(What you will do) What you should end up with is an exact copy of the lines from the one holding "Vintage wooden and" through the last line of the entries below, both included, and nothing else; leave every picture out.
§ §
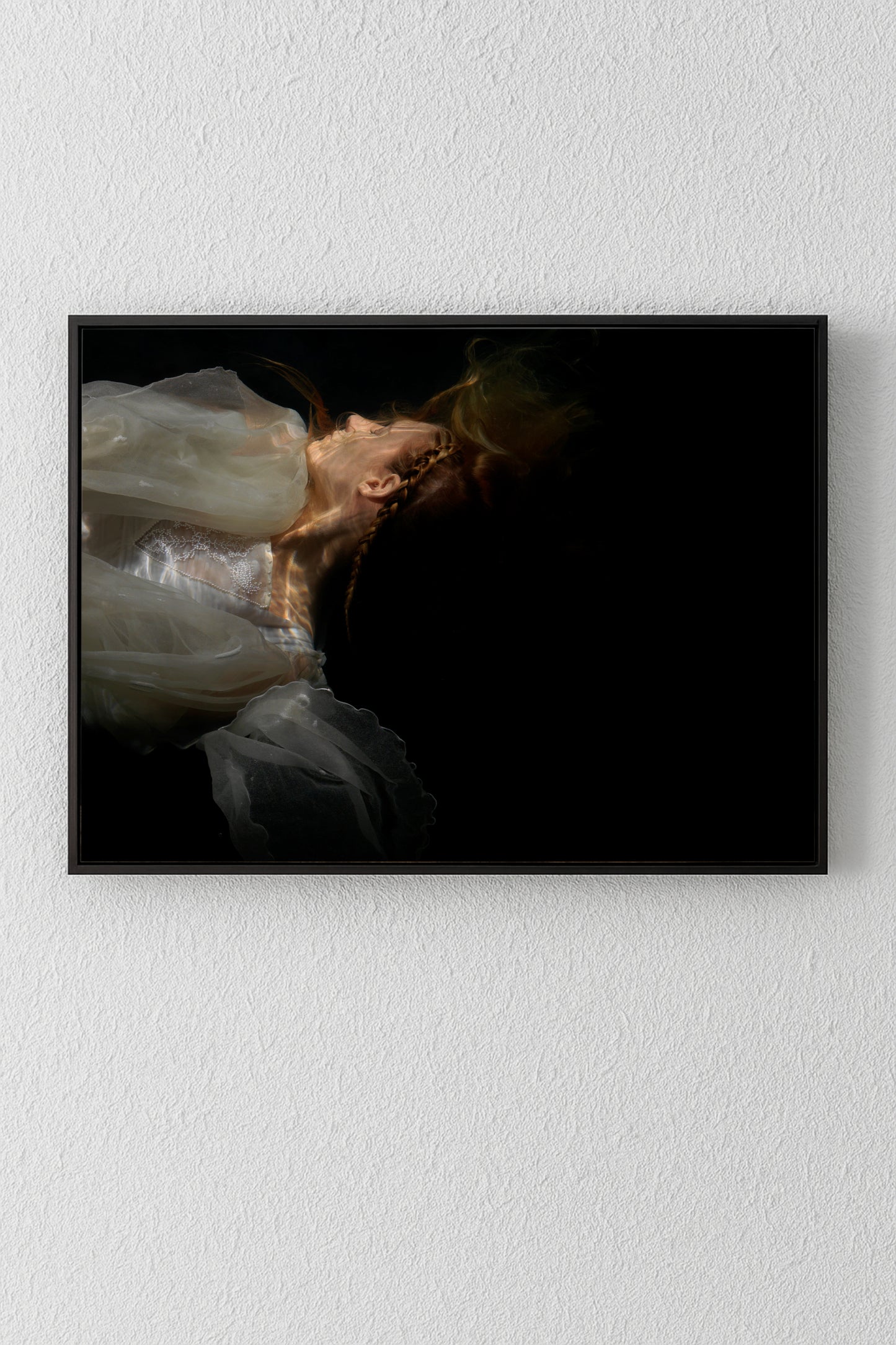 Unique archival pigment print of a woman in a white dress against a black background.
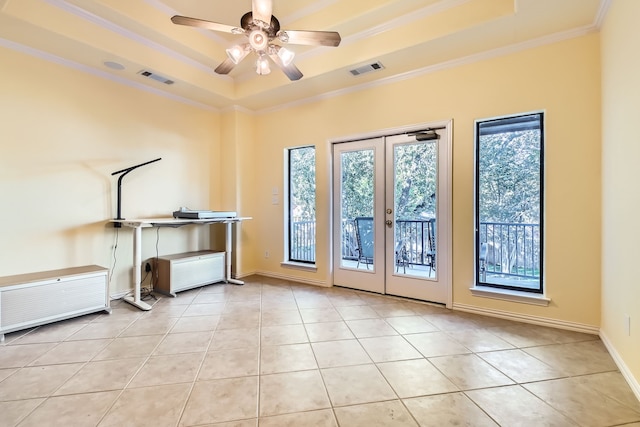 interior space featuring french doors, a tray ceiling, ceiling fan, and crown molding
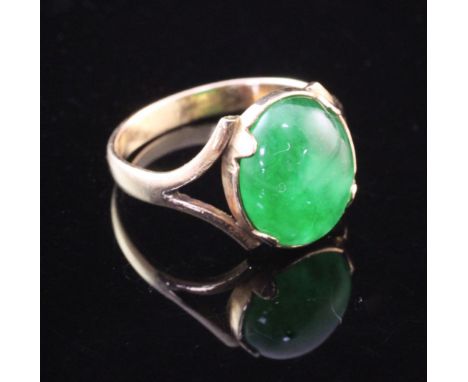 A gold and cabochon jade set ring, size N. A gold and cabochon jade set ring, size N.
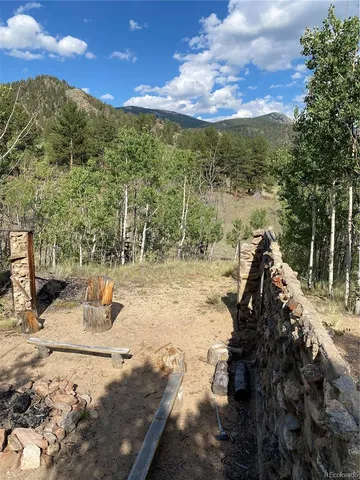 a view of a yard with wooden fence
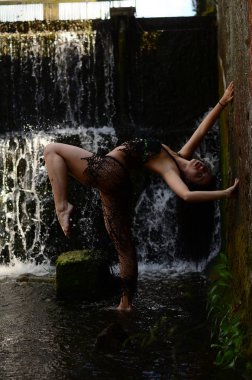 Genç esmer model bir şelale karşı poz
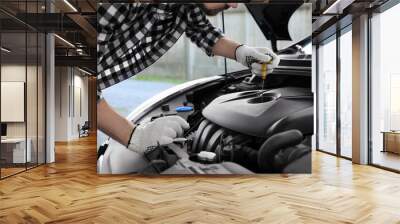 Man checking motor oil level with dipstick in car outdoors, closeup Wall mural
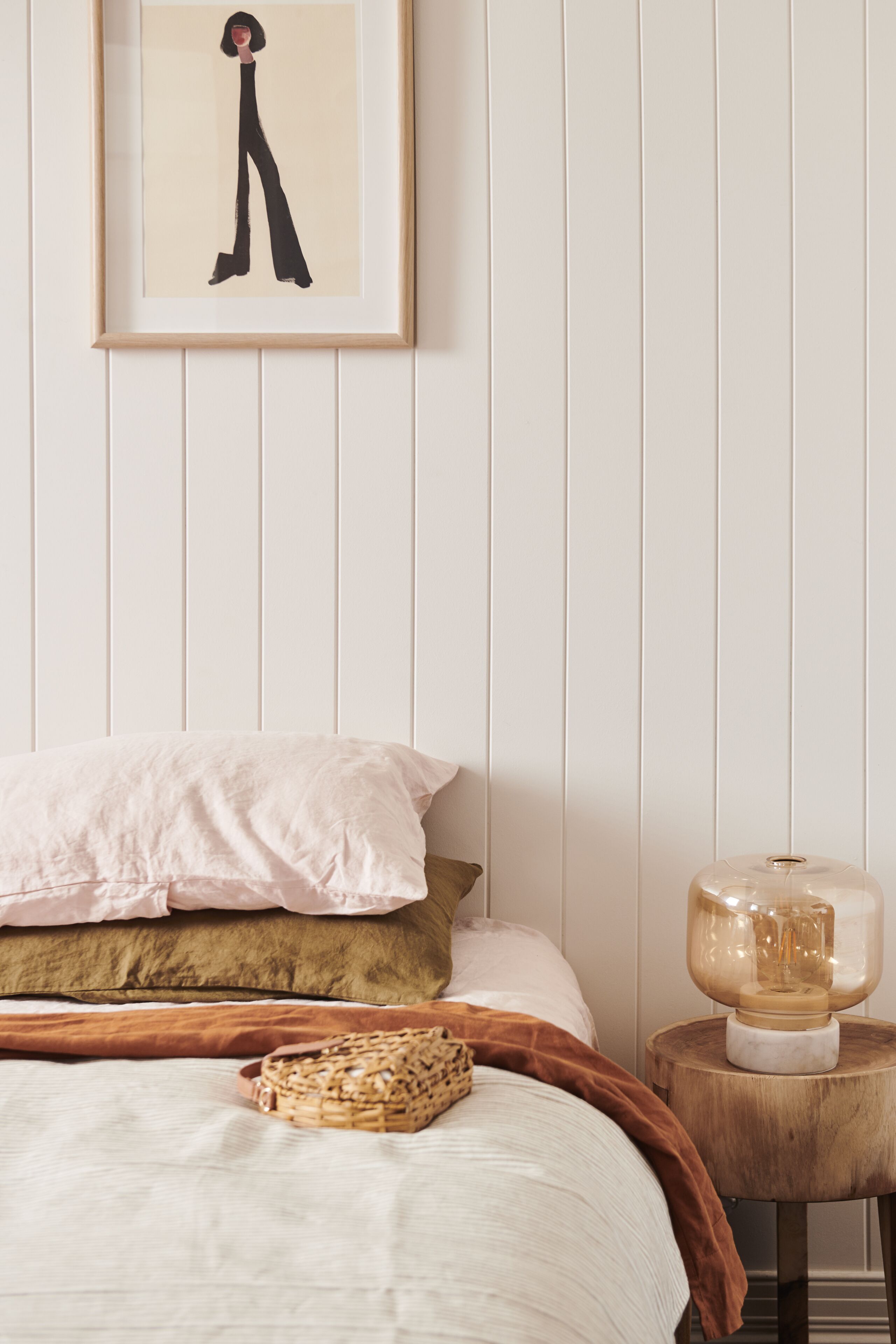 A neatly arranged bedroom with a bed, pillows, a bedside table with a lamp, and a framed artwork on the wall.
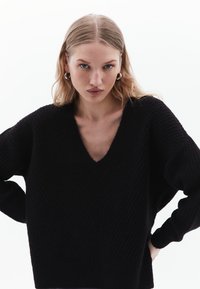 Maglione nero lavorato a maglia con scollo a V profondo, texture a coste e maniche ampie. Il tessuto appare morbido con una vestibilità comoda e dettagli sottili.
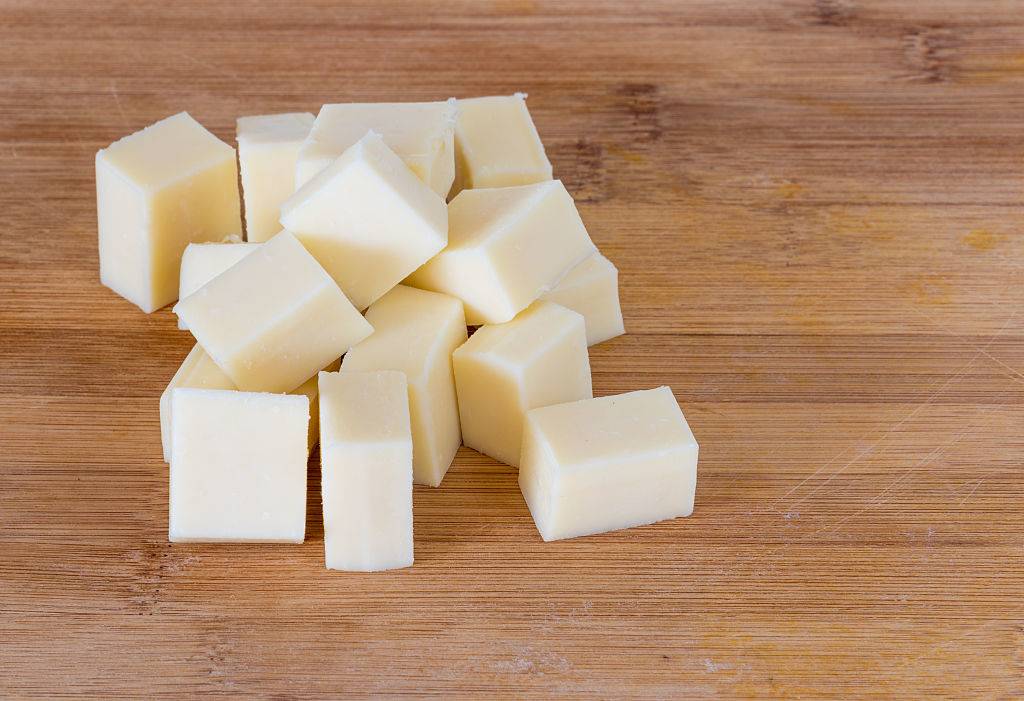 white cheese cubes on a wood table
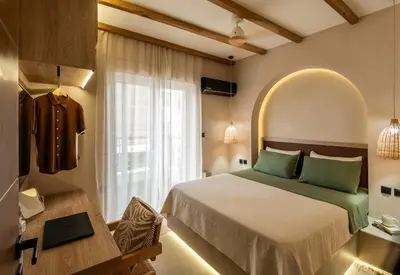 a bedroom with a large bed and a window at Rustic Boutique Apartment with Live Olive Tree & Private Parking in Athens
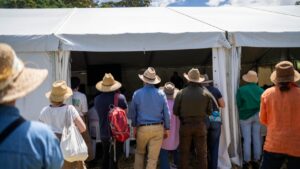 A group of people wearing wide-brimmed hats and casual outdoor clothing standing behind a white marquee tent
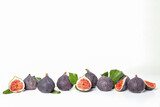 Fresh ripe figs with leaves on a white background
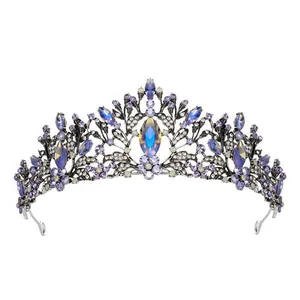 Detailed view of an elegant purple crystal bridal tiara with iridescent blue stones.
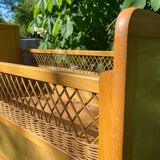 Vintage wooden and rattan baby cot from the 1960s.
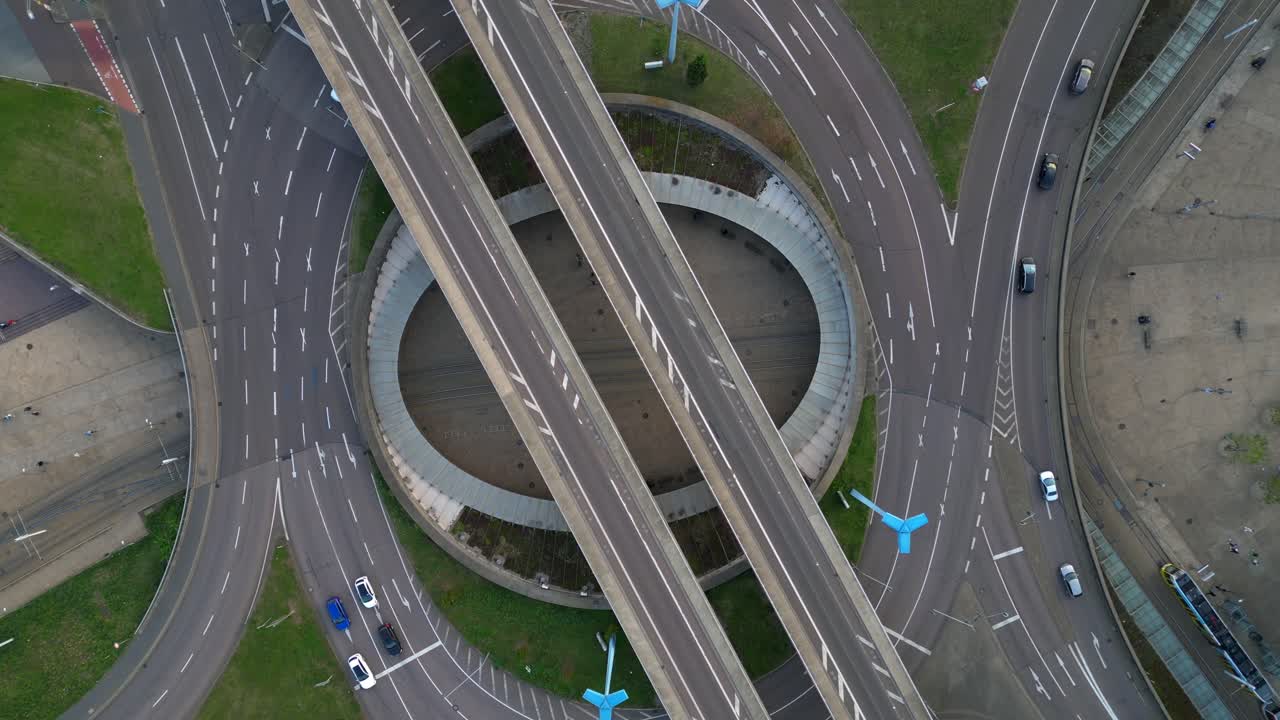 highway roundabout passing over halle saale germany on a cloudy summer day. vertical bird's eye view drone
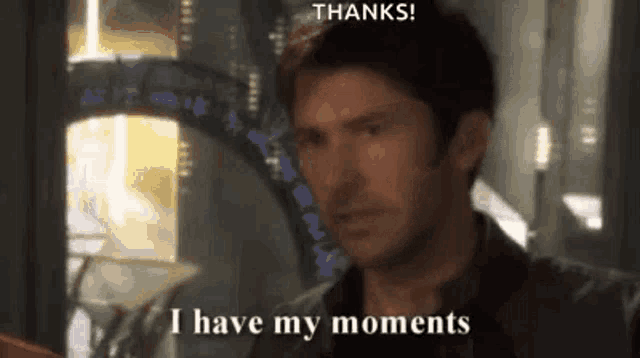a man is saying `` thanks ! i have my moments '' while holding a book .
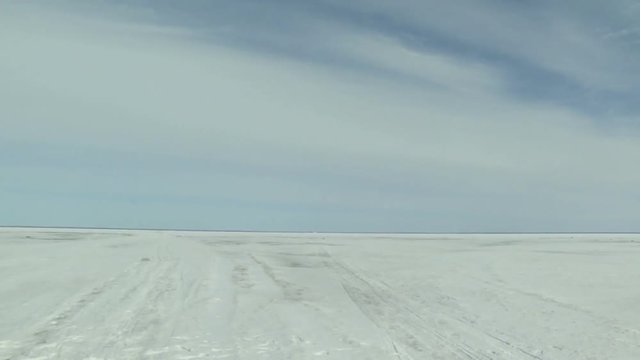 Panorama of a winter landscape to the sea. Winter landscape. Blue sky and snow far.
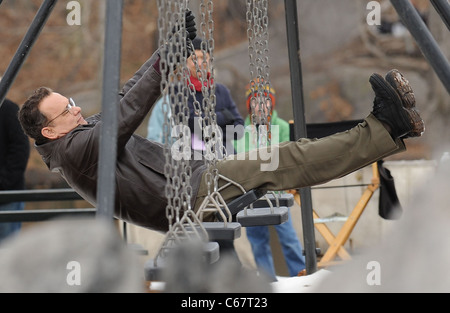 Tom Hanks on location for Filming of EXTREMELY LOUD AND INCREDIBLY CLOSE, Central Park, New York, NY March 22, 2011. Photo By: Kristin Callahan/Everett Collection Stock Photo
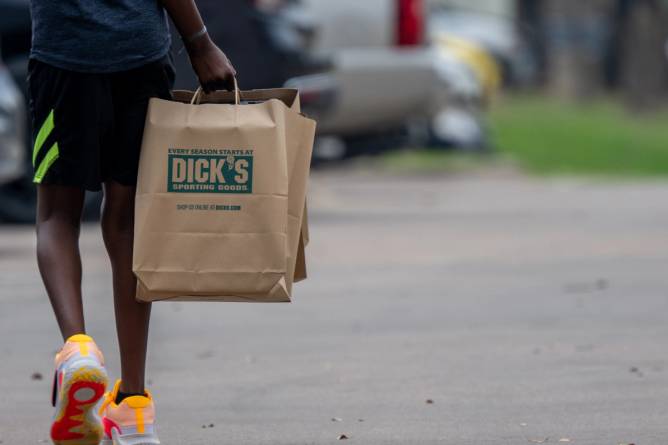 A customer carrying shopping bags exits a Dick's Sporting Goods.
§ §
(Problem solution)
 Vintage wooden and rattan baby cot from the 1960s.
 highway roundabout passing over halle saale germany on a cloudy summer day. vertical bird's eye view drone
a man is saying `` thanks ! i have my moments '' while holding a book .
 Panorama of a winter landscape to the sea. Winter landscape. Blue sky and snow far.
 Tom Hanks on location for Filming of EXTREMELY LOUD AND INCREDIBLY CLOSE, Central Park, New York, NY March 22, 2011. Photo By: Kristin Callahan/Everett Collection Stock Photo
 A customer carrying shopping bags exits a Dick's Sporting Goods.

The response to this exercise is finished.